Pilates exercise has been introduced to the physical therapy community in recent years to enhance rehabilitation programs by focusing on spinal and core stabilization. This particular method can be incorporated into a patient’s treatment plan to improve strength, range of motion, coordination, balance, muscular symmetry, flexibility, and proprioception. Pilates can either be performed as mat work on the floor or on a spring-resistant apparatus, known as Reformer work.
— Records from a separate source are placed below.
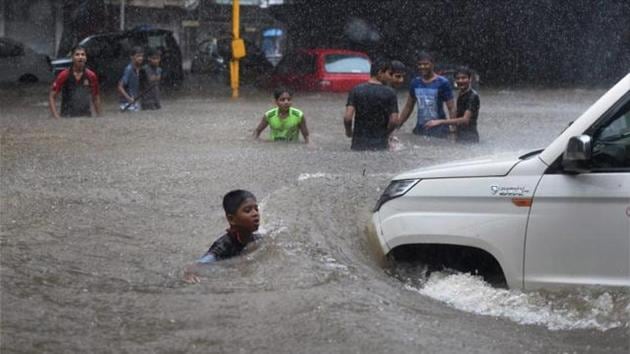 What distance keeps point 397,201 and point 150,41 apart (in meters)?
20.3

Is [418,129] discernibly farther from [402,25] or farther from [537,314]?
[402,25]

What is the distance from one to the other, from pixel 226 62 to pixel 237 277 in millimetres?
27268

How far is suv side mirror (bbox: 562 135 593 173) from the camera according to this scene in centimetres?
528

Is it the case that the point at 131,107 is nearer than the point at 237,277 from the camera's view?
No

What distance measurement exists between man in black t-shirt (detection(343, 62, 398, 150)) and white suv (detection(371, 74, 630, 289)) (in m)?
4.69

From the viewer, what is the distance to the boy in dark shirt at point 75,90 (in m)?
14.3

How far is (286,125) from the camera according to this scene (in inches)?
453

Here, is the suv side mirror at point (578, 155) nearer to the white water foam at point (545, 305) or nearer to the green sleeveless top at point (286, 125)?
the white water foam at point (545, 305)

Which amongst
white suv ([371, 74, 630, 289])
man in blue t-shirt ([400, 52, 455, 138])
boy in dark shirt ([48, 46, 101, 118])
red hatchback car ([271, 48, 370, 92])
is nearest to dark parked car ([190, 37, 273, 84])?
red hatchback car ([271, 48, 370, 92])

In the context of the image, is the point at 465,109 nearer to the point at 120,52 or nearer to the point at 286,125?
the point at 286,125

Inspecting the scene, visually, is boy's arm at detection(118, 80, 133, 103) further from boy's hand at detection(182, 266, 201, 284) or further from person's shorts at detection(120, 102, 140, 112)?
boy's hand at detection(182, 266, 201, 284)

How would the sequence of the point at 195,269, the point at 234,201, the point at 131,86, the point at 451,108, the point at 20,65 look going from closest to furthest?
the point at 195,269 → the point at 234,201 → the point at 451,108 → the point at 131,86 → the point at 20,65

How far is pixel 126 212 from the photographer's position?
7973 mm

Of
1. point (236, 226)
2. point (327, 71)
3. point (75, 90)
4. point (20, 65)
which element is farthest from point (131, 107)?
point (236, 226) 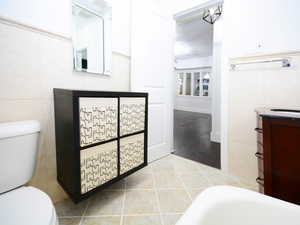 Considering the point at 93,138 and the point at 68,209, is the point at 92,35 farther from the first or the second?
the point at 68,209

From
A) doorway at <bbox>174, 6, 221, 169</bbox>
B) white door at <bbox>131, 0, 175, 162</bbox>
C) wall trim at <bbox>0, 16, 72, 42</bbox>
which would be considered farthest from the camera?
doorway at <bbox>174, 6, 221, 169</bbox>

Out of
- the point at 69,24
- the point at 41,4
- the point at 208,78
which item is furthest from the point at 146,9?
the point at 208,78

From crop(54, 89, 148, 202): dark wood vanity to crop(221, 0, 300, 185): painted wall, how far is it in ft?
3.46

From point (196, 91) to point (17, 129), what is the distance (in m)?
7.73

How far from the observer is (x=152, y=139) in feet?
7.22

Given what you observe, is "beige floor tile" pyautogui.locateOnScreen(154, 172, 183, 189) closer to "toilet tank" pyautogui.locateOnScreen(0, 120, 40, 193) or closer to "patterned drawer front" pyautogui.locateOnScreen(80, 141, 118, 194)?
"patterned drawer front" pyautogui.locateOnScreen(80, 141, 118, 194)

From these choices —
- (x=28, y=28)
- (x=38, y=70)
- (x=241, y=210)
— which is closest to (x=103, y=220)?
(x=241, y=210)

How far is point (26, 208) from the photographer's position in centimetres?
76

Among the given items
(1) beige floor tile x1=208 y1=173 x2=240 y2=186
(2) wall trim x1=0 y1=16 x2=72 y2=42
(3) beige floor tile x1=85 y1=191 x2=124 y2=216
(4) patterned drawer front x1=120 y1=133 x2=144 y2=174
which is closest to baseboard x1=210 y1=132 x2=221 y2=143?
(1) beige floor tile x1=208 y1=173 x2=240 y2=186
The patient, with the guidance of a physical therapist or certified Pilates Instructor performs efficient functional movement patterns, closed-chain and open-chain patterns, as well as multiple planes and positions provided for varied rehabilitation programming with many different diagnoses. Plyometric, CNS, and cardiovascular work can be incorporated in to any Pilates program and is most often performed on the Reformer.
The best part of Pilates for rehabilitation is that the most important principles of Pilates are consistent with an exercise program that supports back health and functional mobility.
In particular, learning awareness of neutral alignment of the spine and strengthening the deep postural muscles that support this alignment are important skills for the back pain patient.
Patients with pain stemming from excessive movement and degeneration of the intervertebral discs and joints are particularly likely to benefit from a Pilates exercise program. In addition, postural asymmetries can be improved, thus decreasing wear and tear resulting from uneven stresses on the intervertebral joints and discs.
Pilates improves strength, flexibility and suppleness of the muscles of the hip and shoulder girdle. Fluid and supported movement through these joints helps prevent unnecessary torque on the vertebral column.
The Pilates program also teaches awareness of movement habits that may stress the spine, and helps the patient change these habits to those that preserve neutral alignment. Awareness of excessive tension and the use of proper focus helps the patient use the body efficiently.
For most people, back pain is the result of Thoracic Kyphosis, or as I like to call it Quasi Modo syndrome. Most of the Pilates mat exercises strengthen the muscles necessary to properly support the spine and bring an awareness about what proper posture actually is. It’s not enough just to do Pilates mat exercises; if you want to improve your posture and heal your back pain, you must incorporate Pilates into your daily life. You must translate the Neutral Spine, the feeling of length, and the Abdominal Scoop into your desk job. If you can incorporate the deeper Pilates concepts into your daily life, you’ll notice changes immediately — in your back pain, in your posture, and in your sense of well-being.